Her iki örgüt de tutuklulara yönelik insanlık dışı muameleyi kınadı ve bunu bir "insani felaket" ve başka bir soykırım biçimi olarak niteledi. İsrail hapishanelerindeki koşulların Filistinlilerin hayatlarını sistematik olarak infaz etmeyi, suikast düzenlemeyi ve silmeyi amaçladığını, binlerce tutuklunun İsrail gözaltında kaldığı sürece ölümlerin endişe verici bir şekilde artacağının beklendiğini yinelediler .

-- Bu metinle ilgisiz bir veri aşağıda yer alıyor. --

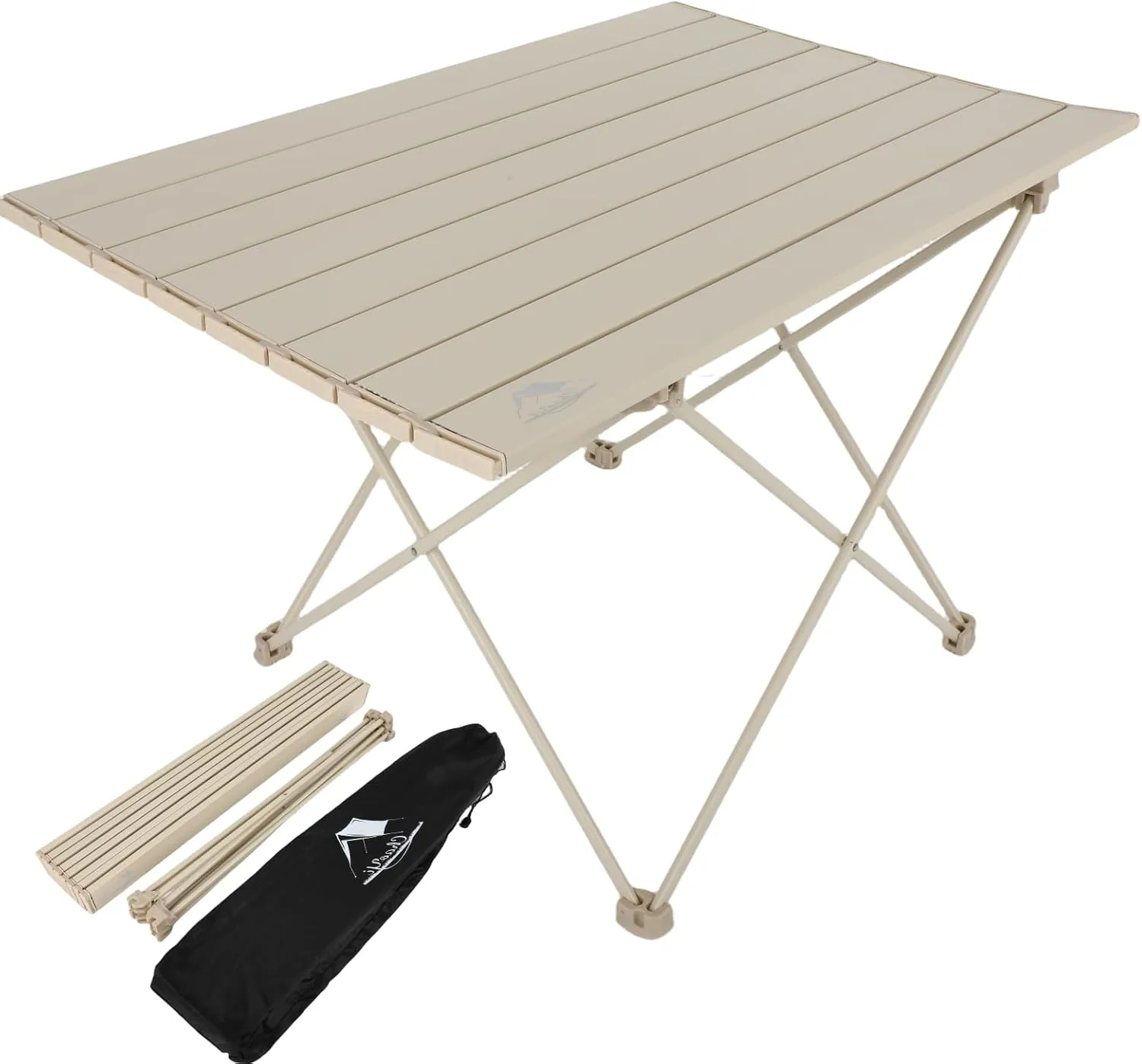 FAHKNS Portable Camping Table,Folding Side Table Aluminum Top for Camping Hiking Backpacking Outdoor Picnic（27" D x 18" W x 16" H，Off White）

Tutuklular ve Eski Tutuklular Komisyonu ile Filistinli Tutuklular Derneği (PPS), tutukluların ölümlerinden "İsrail"i tamamen sorumlu tuttu ve uluslararası hukuk kurumlarına, İsrailli liderlerin işlemeye devam ettikleri savaş suçlarından sorumlu tutulmaları için derhal harekete geçmeleri çağrısını yineledi.

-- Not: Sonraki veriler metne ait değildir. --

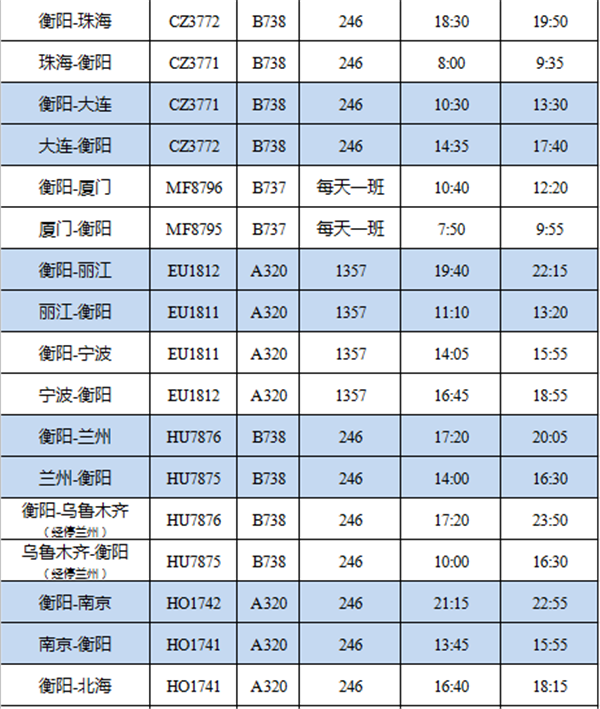 南岳机场航班时刻表图片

"İsrail"e karşı yaptırımlar uygulanması ve uluslararası toplumun bu varlığı izole etmesi yönünde çaba sarf edilmesi çağrısında bulunan liderler, devam eden soykırıma müdahale etmede başarısız olduklarını iddia ettikleri uluslararası insan hakları sistemlerinin rolünün yeniden tesis edilmesi gerektiğini vurguladılar.
Geçtiğimiz hafta Filistinli Mahkumlar Derneği (PPS), İsrail işgalinin idari gözaltı uygulamasını kınadı ve bunu müebbet hapse benzetti. Örgüt, işgal yetkililerinin "idari gözaltı uygulamasını, 'gizli dosya' bahanesiyle binlerce kişinin hayatını çalan bir suça dönüştürdüğünü ve tutukluları bu adaletsizliğe süresiz olarak maruz bıraktığını" belirtti.
PPS, resmi web sitesinde yayınlanan bir raporda, idari tutuklular sorununun devam eden savaşa eşlik eden en önemli gelişmelerden biri haline geldiğini vurguladı. Ocak 2025 başı itibarıyla idari tutuklu sayısı yaklaşık 95 çocuk ve 22 kadın olmak üzere 3.376'ya yükseldi. Bu grup, 10.400 kişiyi aşan İsrail hapishanelerindeki toplam tutuklu nüfusunun %32'sini temsil ediyor.
PPS'ye göre, insan hakları örgütlerinin izleme ve dokümantasyonuna göre bu, tarihin en yüksek idari tutuklu oranıdır. İdari tutukluluktaki artış, mevcut saldırıdan önce bile başladı ve o zamandan beri önemli ölçüde arttı. Savaştan önce, 1.320 idari tutuklu vardı ve bu sayı şu anda neredeyse üç katına çıktı.
PPS ayrıca, İsrail hapishanelerindeki idari tutukluların ve tüm tutukluların karşılaştığı sistematik suistimallere ışık tuttu . Bunlara işkence, açlık, tıbbi ihmal ve diğer sistematik suçlar dahildir. Savaş başladığından beri, İsrail gözaltında 54 tutuklu öldü, bunlardan dördü idari gözaltındaydı: Omar Daraghmeh, Samih Alawi, Mohammad al-Sabbagh ve Mustafa Abu Ara.
İşgal altındaki topraklarda idari gözaltı vakaları genellikle savaşlar ve ayaklanmalar sırasında artar. İşgal yetkilileri bu önlemi sıklıkla baskı, kontrol ve sindirme aracı olarak kullanırlar ve ilk gözaltı sürelerini tamamlayan tutuklular için gözaltı emirleri yenilenir — esasen suçlama veya yargılama olmaksızın cezaları uzatılır.